Exercise instructions -> Scan the entries that follow and copy out every line containing "between".

Source data ->
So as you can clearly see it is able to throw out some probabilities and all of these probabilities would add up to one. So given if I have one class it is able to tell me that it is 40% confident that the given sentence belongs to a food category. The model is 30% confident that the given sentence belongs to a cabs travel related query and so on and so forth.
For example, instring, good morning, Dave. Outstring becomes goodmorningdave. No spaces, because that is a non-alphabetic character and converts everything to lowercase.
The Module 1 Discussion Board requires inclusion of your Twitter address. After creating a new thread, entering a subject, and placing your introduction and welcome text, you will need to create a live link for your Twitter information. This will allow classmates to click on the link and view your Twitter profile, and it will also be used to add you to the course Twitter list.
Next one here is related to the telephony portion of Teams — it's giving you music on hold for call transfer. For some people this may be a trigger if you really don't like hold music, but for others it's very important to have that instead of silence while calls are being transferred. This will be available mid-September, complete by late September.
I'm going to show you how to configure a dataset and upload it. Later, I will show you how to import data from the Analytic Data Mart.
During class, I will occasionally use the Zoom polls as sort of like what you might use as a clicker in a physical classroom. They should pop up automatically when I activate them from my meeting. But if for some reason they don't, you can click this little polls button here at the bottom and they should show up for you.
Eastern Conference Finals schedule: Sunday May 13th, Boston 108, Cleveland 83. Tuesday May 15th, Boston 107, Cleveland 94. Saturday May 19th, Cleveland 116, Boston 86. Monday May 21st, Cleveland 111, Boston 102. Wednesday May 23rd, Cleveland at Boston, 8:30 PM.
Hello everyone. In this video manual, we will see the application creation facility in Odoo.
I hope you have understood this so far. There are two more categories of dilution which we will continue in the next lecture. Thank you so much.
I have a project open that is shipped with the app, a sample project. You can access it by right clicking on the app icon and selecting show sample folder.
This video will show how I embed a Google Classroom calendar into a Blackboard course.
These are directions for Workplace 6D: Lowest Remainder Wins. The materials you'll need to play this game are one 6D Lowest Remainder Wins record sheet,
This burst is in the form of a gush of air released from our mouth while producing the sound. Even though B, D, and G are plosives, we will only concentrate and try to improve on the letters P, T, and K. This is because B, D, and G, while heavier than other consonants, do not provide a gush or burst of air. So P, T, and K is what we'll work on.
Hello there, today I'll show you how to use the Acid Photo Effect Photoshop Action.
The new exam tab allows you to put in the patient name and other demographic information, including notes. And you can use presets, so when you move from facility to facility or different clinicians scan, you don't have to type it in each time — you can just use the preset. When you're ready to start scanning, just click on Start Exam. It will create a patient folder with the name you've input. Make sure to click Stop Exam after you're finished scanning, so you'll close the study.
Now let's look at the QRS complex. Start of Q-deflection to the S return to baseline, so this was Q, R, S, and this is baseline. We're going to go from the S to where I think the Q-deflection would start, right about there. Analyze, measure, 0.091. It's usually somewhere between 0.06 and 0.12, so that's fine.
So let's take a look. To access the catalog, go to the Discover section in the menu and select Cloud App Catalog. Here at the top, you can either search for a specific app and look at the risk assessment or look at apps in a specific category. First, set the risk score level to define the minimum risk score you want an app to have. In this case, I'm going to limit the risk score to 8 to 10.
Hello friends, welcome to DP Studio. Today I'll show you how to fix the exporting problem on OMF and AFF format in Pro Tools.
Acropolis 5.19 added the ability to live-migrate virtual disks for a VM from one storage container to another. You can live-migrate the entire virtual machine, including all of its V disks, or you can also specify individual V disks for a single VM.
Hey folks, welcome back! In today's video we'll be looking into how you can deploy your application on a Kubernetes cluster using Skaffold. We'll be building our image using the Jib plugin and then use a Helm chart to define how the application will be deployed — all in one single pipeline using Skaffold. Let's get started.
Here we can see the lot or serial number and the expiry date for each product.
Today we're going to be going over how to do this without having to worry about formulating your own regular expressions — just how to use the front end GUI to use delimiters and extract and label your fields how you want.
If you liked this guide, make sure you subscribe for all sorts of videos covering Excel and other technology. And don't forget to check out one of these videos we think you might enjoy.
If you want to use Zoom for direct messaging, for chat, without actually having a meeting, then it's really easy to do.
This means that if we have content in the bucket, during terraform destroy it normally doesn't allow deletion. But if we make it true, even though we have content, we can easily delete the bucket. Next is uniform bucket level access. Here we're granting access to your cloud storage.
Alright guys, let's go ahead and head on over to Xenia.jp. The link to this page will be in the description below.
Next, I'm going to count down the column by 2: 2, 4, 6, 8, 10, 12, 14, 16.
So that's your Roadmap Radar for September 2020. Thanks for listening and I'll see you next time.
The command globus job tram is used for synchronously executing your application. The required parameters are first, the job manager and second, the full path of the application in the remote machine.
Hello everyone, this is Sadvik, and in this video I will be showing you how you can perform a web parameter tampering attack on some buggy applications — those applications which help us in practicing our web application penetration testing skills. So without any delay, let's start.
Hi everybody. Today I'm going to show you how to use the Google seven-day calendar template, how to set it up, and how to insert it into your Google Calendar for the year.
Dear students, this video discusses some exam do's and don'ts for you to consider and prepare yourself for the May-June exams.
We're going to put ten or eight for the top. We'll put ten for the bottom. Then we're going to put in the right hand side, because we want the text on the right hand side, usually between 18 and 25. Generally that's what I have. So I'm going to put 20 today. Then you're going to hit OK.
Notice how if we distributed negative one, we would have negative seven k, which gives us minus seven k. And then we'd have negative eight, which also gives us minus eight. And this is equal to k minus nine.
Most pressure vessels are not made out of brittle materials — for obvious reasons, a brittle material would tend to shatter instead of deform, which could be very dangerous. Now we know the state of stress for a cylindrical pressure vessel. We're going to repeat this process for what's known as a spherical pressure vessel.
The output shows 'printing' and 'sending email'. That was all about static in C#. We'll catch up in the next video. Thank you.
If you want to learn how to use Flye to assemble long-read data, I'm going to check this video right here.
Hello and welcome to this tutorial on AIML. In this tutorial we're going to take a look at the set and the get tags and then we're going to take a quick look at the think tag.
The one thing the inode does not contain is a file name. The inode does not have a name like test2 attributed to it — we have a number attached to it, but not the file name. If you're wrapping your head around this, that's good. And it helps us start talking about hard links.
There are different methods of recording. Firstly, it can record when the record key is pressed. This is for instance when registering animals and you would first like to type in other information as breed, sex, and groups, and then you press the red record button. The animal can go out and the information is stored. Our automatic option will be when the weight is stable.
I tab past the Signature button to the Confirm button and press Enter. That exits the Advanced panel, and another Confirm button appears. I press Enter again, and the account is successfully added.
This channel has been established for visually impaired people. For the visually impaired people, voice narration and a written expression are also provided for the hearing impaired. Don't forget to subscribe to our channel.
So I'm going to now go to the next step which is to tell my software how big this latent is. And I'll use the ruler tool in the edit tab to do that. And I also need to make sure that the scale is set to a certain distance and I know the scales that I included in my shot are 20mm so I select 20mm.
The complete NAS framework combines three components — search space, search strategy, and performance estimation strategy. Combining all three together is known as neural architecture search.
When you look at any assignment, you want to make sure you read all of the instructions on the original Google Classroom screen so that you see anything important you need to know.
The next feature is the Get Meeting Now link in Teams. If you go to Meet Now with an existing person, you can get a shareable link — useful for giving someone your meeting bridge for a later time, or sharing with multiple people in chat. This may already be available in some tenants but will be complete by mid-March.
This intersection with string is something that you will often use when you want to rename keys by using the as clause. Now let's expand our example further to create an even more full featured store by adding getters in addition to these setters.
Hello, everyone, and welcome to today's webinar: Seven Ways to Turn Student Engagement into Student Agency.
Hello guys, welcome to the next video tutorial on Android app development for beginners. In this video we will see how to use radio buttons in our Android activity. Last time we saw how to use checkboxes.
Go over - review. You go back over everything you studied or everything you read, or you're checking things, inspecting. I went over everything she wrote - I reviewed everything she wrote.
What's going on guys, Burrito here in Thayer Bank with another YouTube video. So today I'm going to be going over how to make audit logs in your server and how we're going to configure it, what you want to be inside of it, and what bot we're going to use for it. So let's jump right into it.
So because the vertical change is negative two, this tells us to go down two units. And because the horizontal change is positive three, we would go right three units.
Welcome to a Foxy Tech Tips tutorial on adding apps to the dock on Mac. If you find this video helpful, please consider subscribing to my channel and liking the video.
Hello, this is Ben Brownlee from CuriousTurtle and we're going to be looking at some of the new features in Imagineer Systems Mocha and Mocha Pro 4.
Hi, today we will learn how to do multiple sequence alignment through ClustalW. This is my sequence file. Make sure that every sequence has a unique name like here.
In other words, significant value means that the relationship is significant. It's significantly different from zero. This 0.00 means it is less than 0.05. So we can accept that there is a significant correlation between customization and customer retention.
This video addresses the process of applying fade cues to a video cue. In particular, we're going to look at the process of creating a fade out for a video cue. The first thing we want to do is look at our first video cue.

Solution to the problem ->
Now let's look at the QRS complex. Start of Q-deflection to the S return to baseline, so this was Q, R, S, and this is baseline. We're going to go from the S to where I think the Q-deflection would start, right about there. Analyze, measure, 0.091. It's usually somewhere between 0.06 and 0.12, so that's fine.
We're going to put ten or eight for the top. We'll put ten for the bottom. Then we're going to put in the right hand side, because we want the text on the right hand side, usually between 18 and 25. Generally that's what I have. So I'm going to put 20 today. Then you're going to hit OK.
In other words, significant value means that the relationship is significant. It's significantly different from zero. This 0.00 means it is less than 0.05. So we can accept that there is a significant correlation between customization and customer retention.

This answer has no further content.